Era bonito creer que el consumidor tenía el poder, pero en un mundo sediento de hidrocarburos y con los precios de las materias primas por las nubes, es el vendedor quien tiene la sartén por el mango, siempre que sea capaz de jugar su mano con maña. Según cálculos del Center for Research on Energy and Clean Air, en la primera mitad del año, Rusia obtuvo 158 mil millones de euros por la exportación de combustibles fósiles, de los cuales 85 mil provenían de ventas a Europa. En paralelo, se calcula en 100 mil millones de euros el costo generado hasta ahora por la invasión de Ucrania. La cantidad de gas que circula de Rusia a Europa ha descendido notablemente, sobre todo por decisión de Moscú, pero los altos precios de los hidrocarburos –incluso de los rusos, castigados por las sanciones– hacen que el beneficio no haya mermado. Las matemáticas son las que son, y las materias primas –petróleo, gas, carbón– son limitadas y están donde están. Es decir, en Rusia. Las sanciones son “patadas a Putin en nuestro propio culo”, en afortunada expresión del periodista Mariano Guindal.
El invierno acecha amenazante. No son horas amables en este laberinto europeo plagado de falsas salidas, desde el nihilismo absoluto a la esperanza vacua en la solución tecnológica, pasando por las apelaciones individualistas a los peores instintos, que no hacen sino alimentar agendas ultraderechistas bien regadas mediáticamente. ¿Qué hacer? Es la pregunta que emerge, solitaria, en medio del desamparo. No hay respuesta mágica, pero puede que una piernaamputada dé pistas.

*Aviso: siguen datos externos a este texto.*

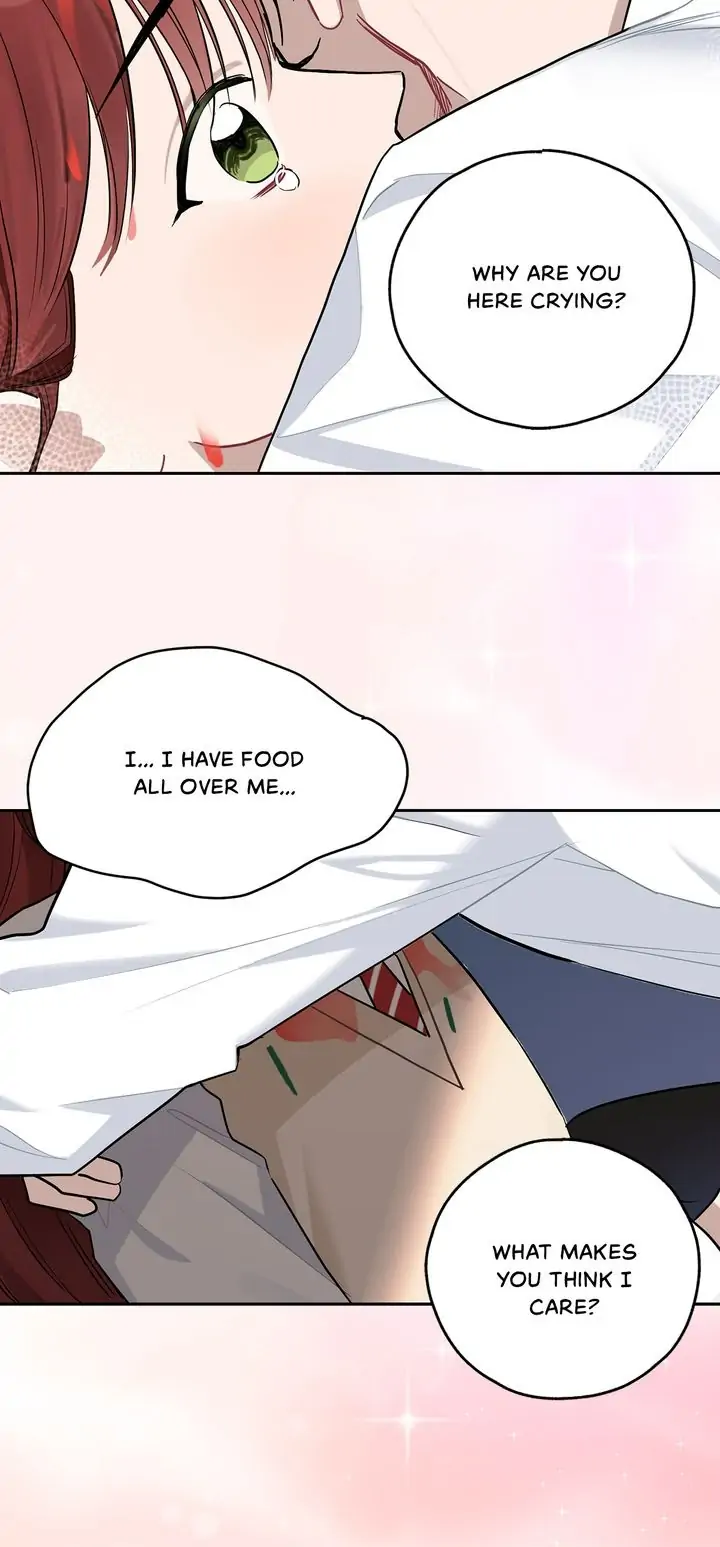When You’re Targeted by the Bully chapter 116 page 14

Esta semana, investigadores han explicado que han encontrado en Borneo el cuerpo de un joven de hace 31 mil años con una pierna amputada y correctamente curada. Lo han presentado como la cirugía más antigua jamás registrada, pero siguiendo la cita apócrifa de Margaret Mead, es mucho más que eso. Es una prueba civilizatoria, una muestra de que, a pesar de todos los pesares, llevamos más de 30 milenios cuidándonos. Por esa pierna amputada, cuidada y curada comunitariamente pasa el único futuro posible.